103957main_earth8The bits that make up Earth apparently took their time pulling themselves together. New research hints that our home didn’t form as a fully-fledged planet until 70 million years after its currently accepted birth date, making the planet younger than scientists believed.

The evidence appears in Nature and looks at the Earth’s “accretion”–the swirling together of gas and dust that formed our planet. Researchers previously believed that the Earth’s accretion was a fairly steady process, happening in about 30 million years, but this study suggests that Earth took a lot longer to form.

“The whole issue hinges on working out how long it took for the core of the Earth to form, which is one of the big unknowns in this area of science,” said Dr. John Rudge, one of the authors at the University of Cambridge. “One of the problems has been that scientists usually presume Earth’s accretion happened at an exponentially decreasing rate. We believe that the process may not have been that simple and that it could well have been a much more staggered, stop-start affair.” [The Telegraph]

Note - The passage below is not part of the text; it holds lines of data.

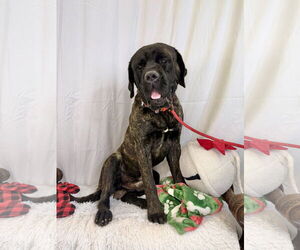 Mutt Dogs for adoption in Goodyear, AZ, USA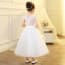 Ricki Lace V Neck Girls Wedding Princess Dress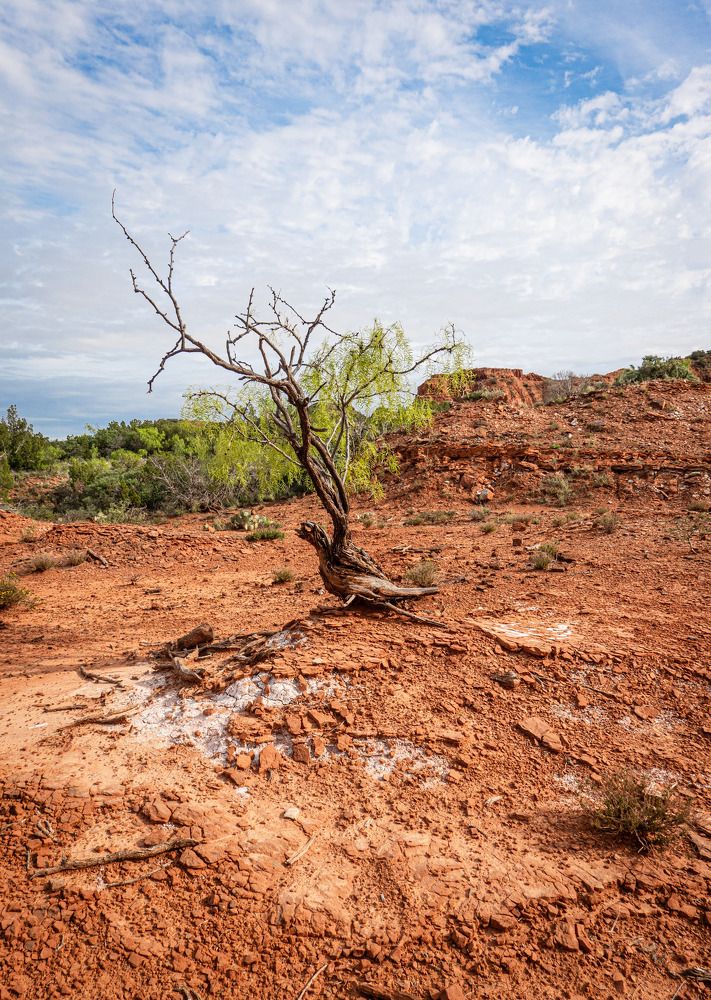 Photograph by Анатолий Костерев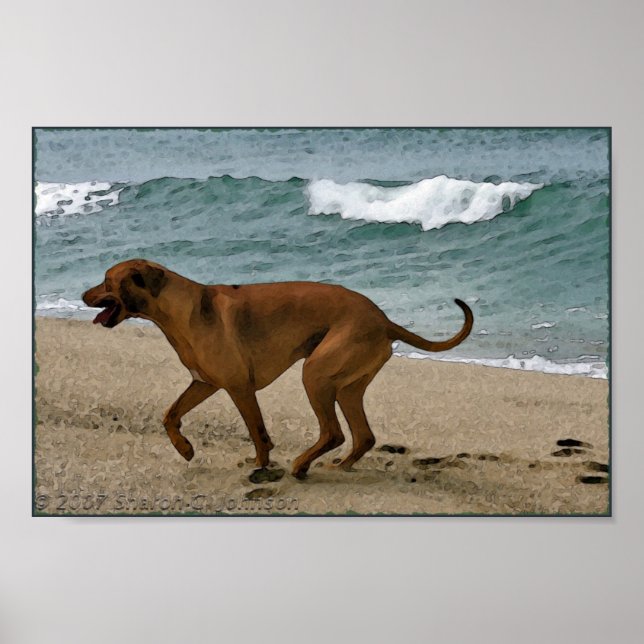 Ridgeback by the Sea Poster (Front)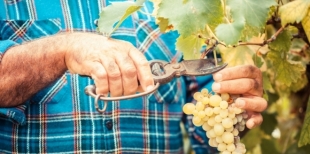 Как правильно обрезать виноград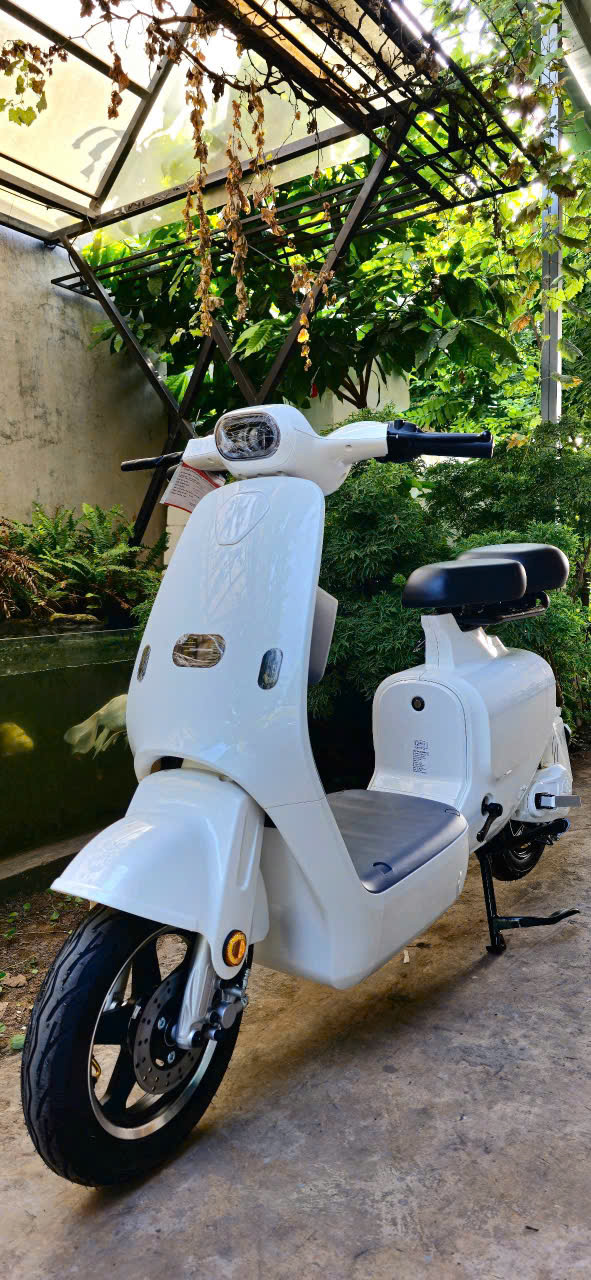 xe đạp điện draca vc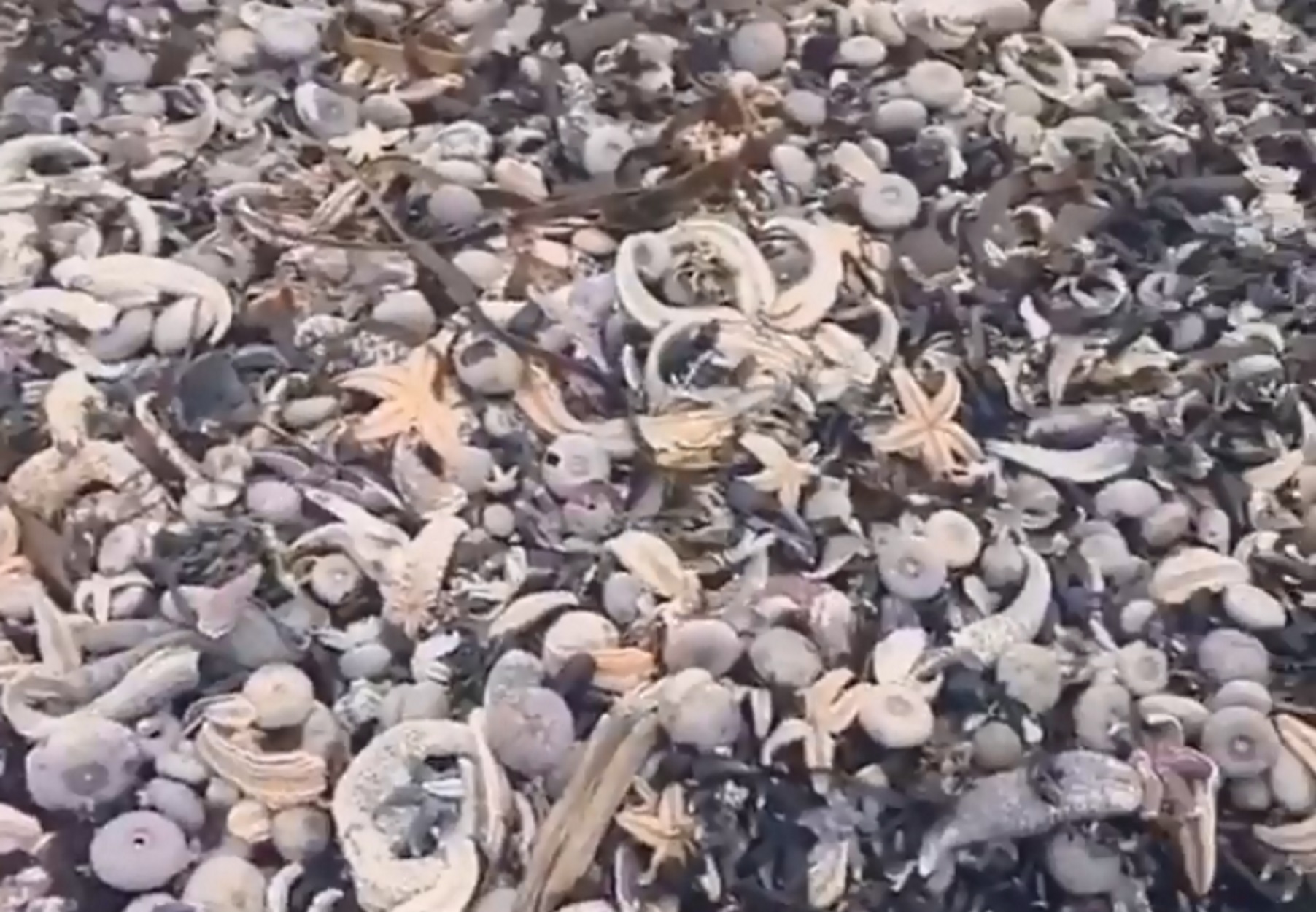 Καμτσάτκα: Εικόνες ανυπολόγιστης οικολογικής καταστροφής – Αμέτρητα νεκρά ζώα (video)
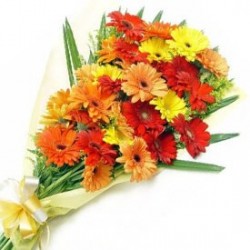 Cute Gerberas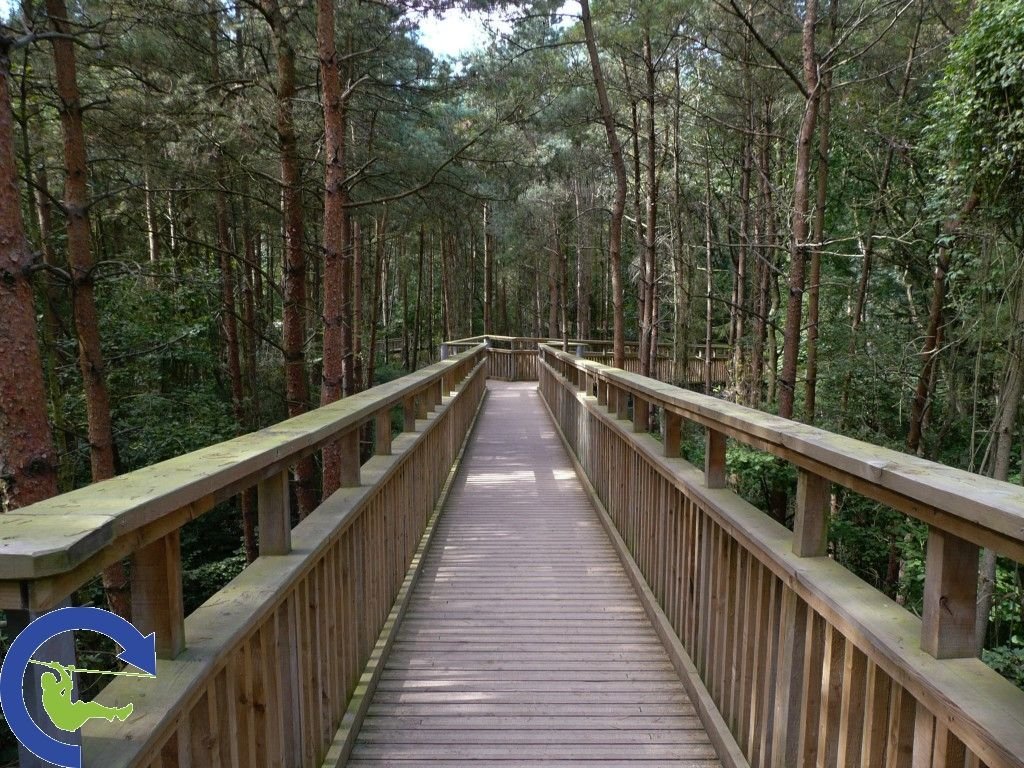 treetopwalk_6.jpg
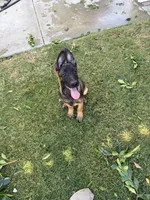 Eve, a female Belgian Malinois for sale in Palm Springs, CA – 1 of 3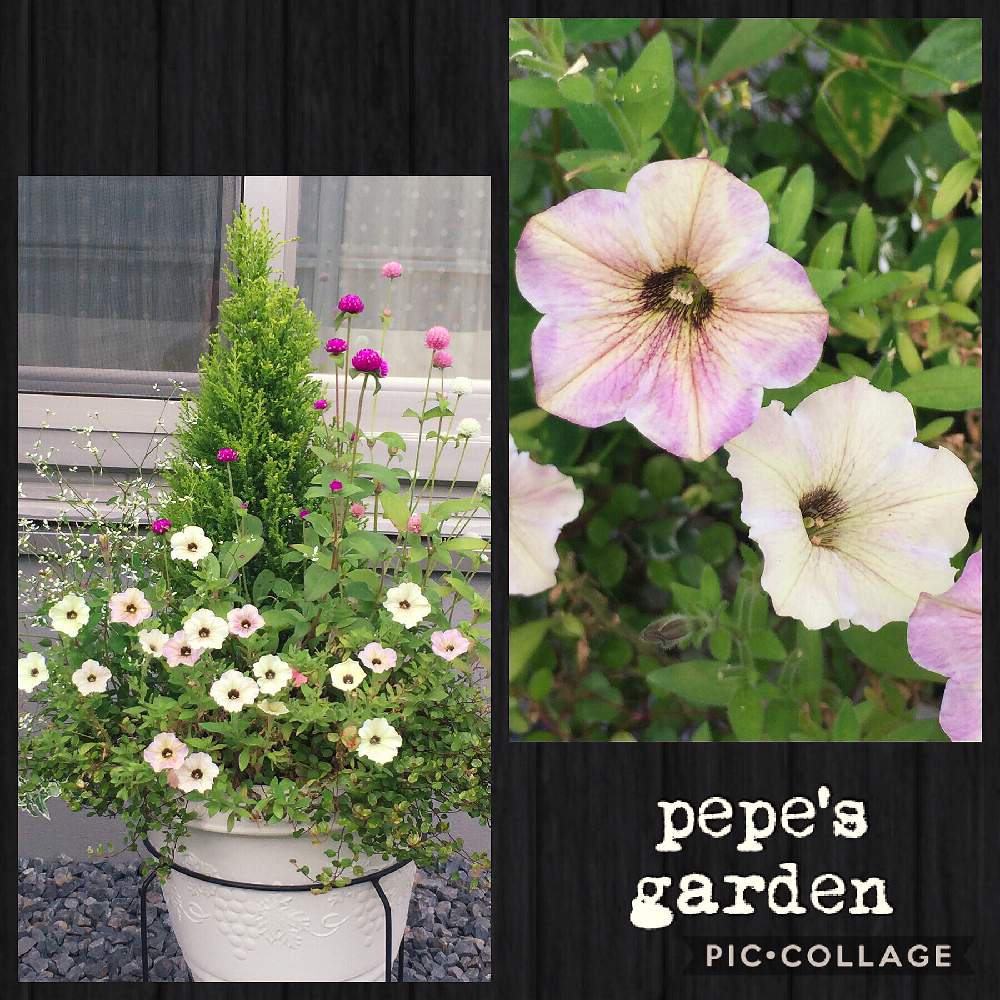 の画像 by ★pepe★さん | 初心者ですとうつくしま福島とお気に入り♡と嬉しいと癒しと東北と秋色とセンニチコウ♡と可愛いと花のある暮らしとユーフォルビアと夏の終わりと大好きペチュニア&カリブラコアとやっぱり花が好き♡と玄関前とiPhone撮影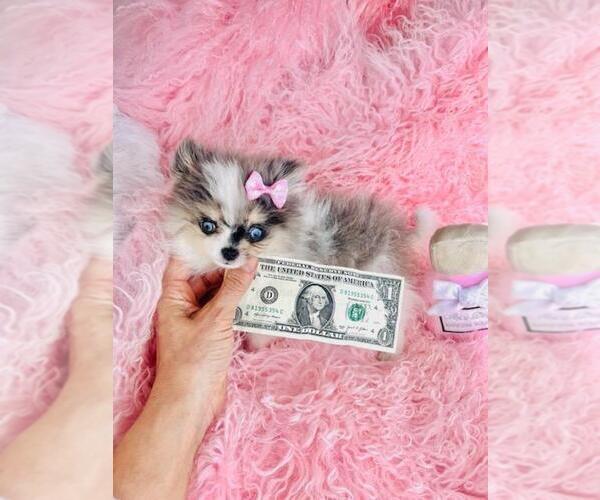 Medium Photo #15 Pomeranian Puppy For Sale in PALM BEACH, FL, USA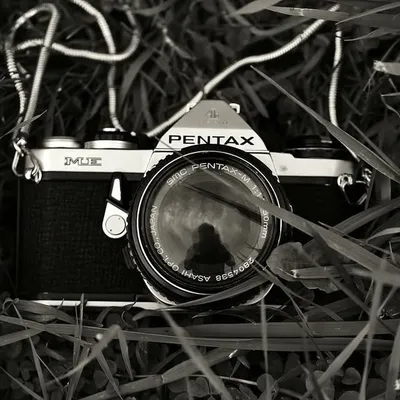 santarsierophotography profile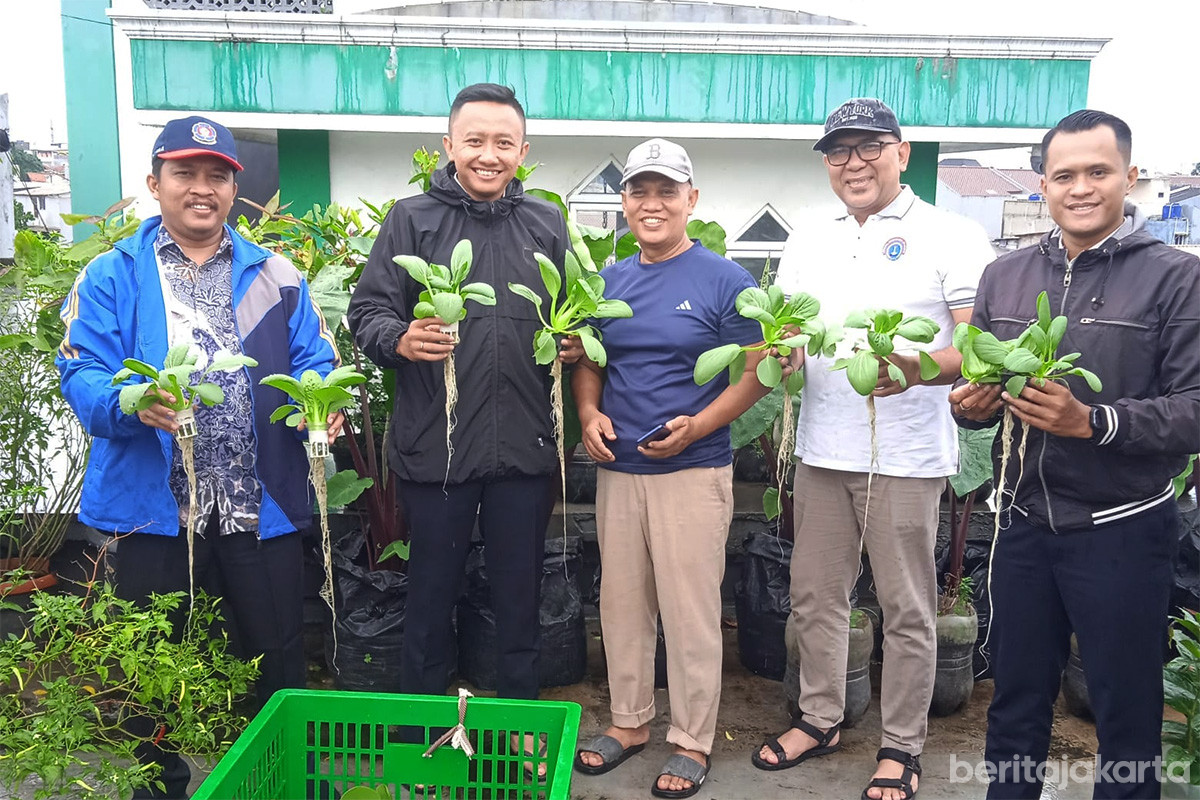 Panen pakcoy di Rooftop Masjid At Taufiq Palmerah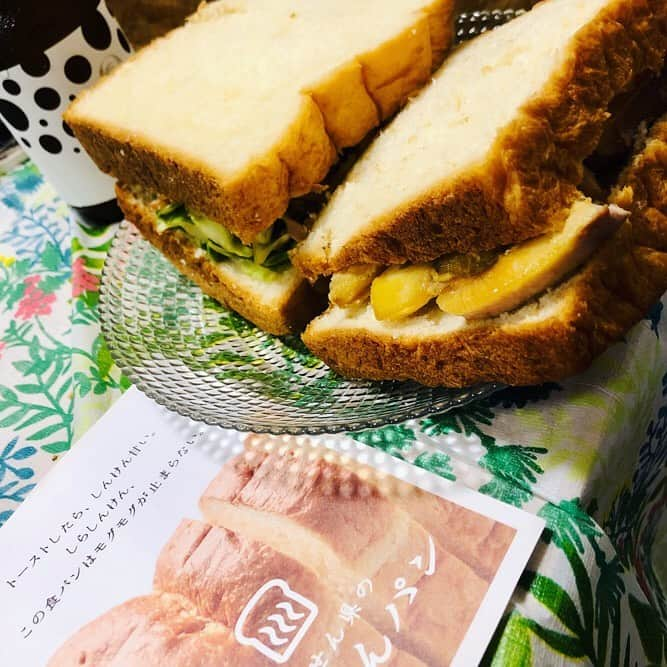 世手子さんのインスタグラム写真 - (世手子Instagram)「Enjoy consecutive holidays with high-quality bread from Oita Prefecture🍞 I still can't drink but i ordered beer(*´>∀<`*)ｷｬﾊｯ Living in Tokyo is hard, but have a good holiday✨ https://toyonokuni.shop/ @toyonokunishop  地元 #大分県 が恋しくなって #うれしたのし豊の国 #高級食パン #しらしんけんパン をお取り寄せ∩^ω^∩ 「 #しらしんけん 」っちな #大分弁で、すごいとか、めっちゃとか言う意味なんよぉ（＾ν＾） 最近怖くて外出してないので💦 #味比べ が楽そうだったので #しんけん玄米パン も頼んだよ(^_^*) しらしんけんパンは洋風にキャベツとハムの #サンドイッチ (*^◯^*) #玄米パン は和風に #魚サンド した🐟 どちらもパンに味がしっかりしてるので美味しかった٩(๑❛ᴗ❛๑)۶ また大分にかえりたくなったよぉぉ｡ﾟ(ﾟ´Д｀ﾟ)ﾟ｡ なんとこの大分が誇る #お取り寄せパン は #雑誌掲載商品 でした(^_-) 『 #女性自身 』に先日掲載されたんだって(^O^) しんけんいいパンやな(^_^) トーストしても甘味がよくて美味しかった(*´∇｀*) 卵、はちみつ不使用で #三温糖 が使われてるのは素晴らしい(^-^)v #贅沢なひととき でした(^_^)  まだ飲めないけど @rococotokyo #メゾンロココ  #ROCOCOTokyoWHITE が、ただ今、期間限定特別販売を実施中！だったので #お取り寄せ(*´ω`*) 年内には #授乳 終える予定なのでこれから楽しみ(#^.^#) まだまだ #stayathome な雰囲気だけど おうちで連休楽しみます♪(*^^)o∀*∀o(^^*)♪ #大分県民 #別府グルメ #別府 #大分グルメ #大分パン屋 #大分パン #お取り寄せグルメ #お取り寄せできます」7月23日 22時10分 - rojide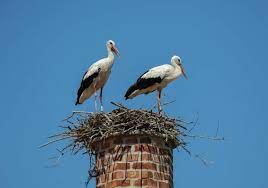 Maybe you would like to learn more about one of these? Birds In The Chimney Home Solutions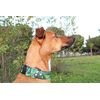 candyPet® Click Collar for Dogs - Model Chip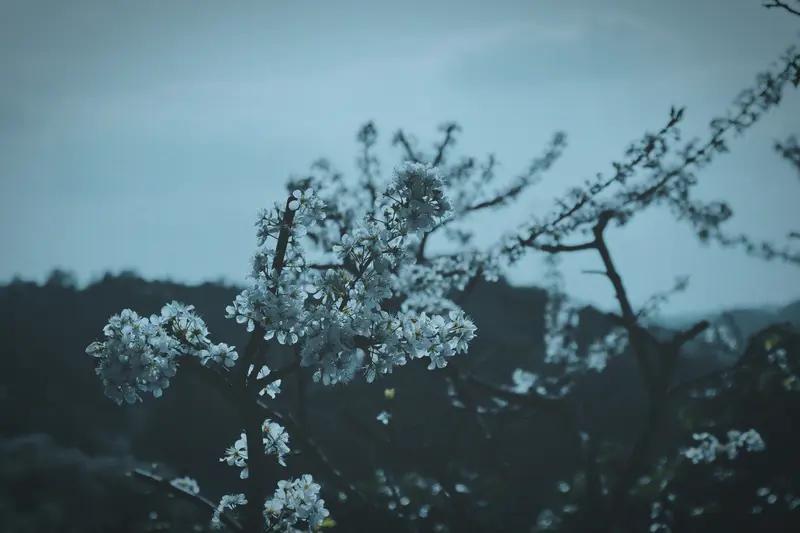 《同姓李平同心曲》（长篇嵌名古风）🤔
李花千树开春风，平野苍苍接远空。
同此清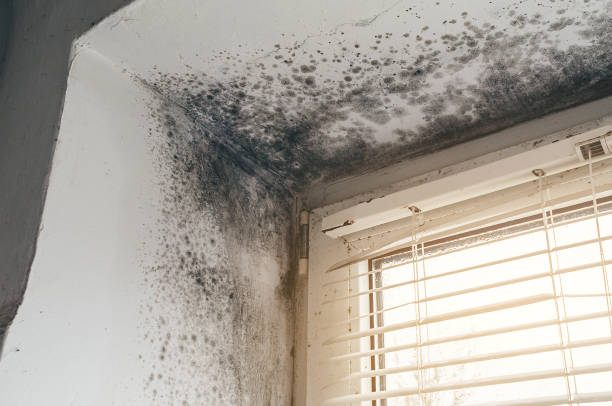 Affordable Mold Remediation solutions in Sharpsburg, NC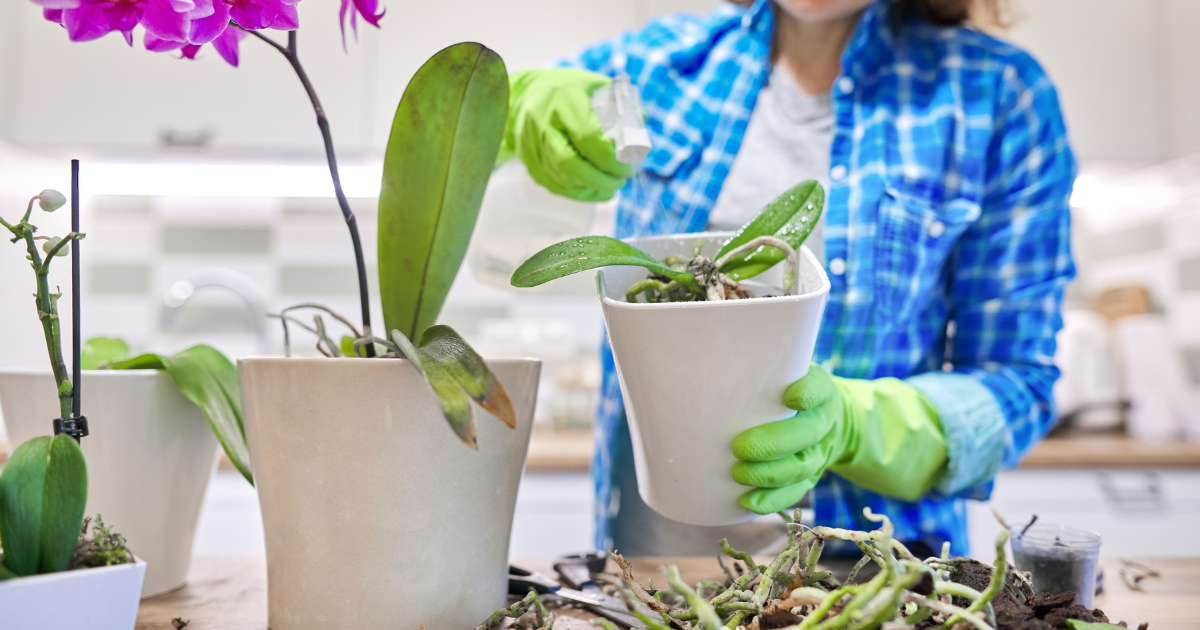 orchid repotting.png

Specifically, the scientists compared isotopes in our planet’s mantle with those found in meteorites, which are as old as the solar system. The researchers used meteorites as samples of our embryonic planet’s materials, and by comparing the isotopes in these building materials to the final product–the earth’s mantle–they could make several computer models to determine how the planet formed.

After looking at models using different isotopes, the researchers believe that the planet had one great growth spurt (sticking together about two-thirds of the Earth’s current mass) followed by a period of long slow growth. They say the formation could have ended with a walloping by a planet-sized chunk of materials that gave us the last of our mass and also broke off a chunk to form the Moon.

“If correct, [this model] would mean the Earth was about 100 million years in the making altogether,” Dr. Rudge said. “We estimate that makes it about 4.467 billion years old–a mere youngster compared with the 4.537 billion-year-old planet we had previously imagined.” [BBC]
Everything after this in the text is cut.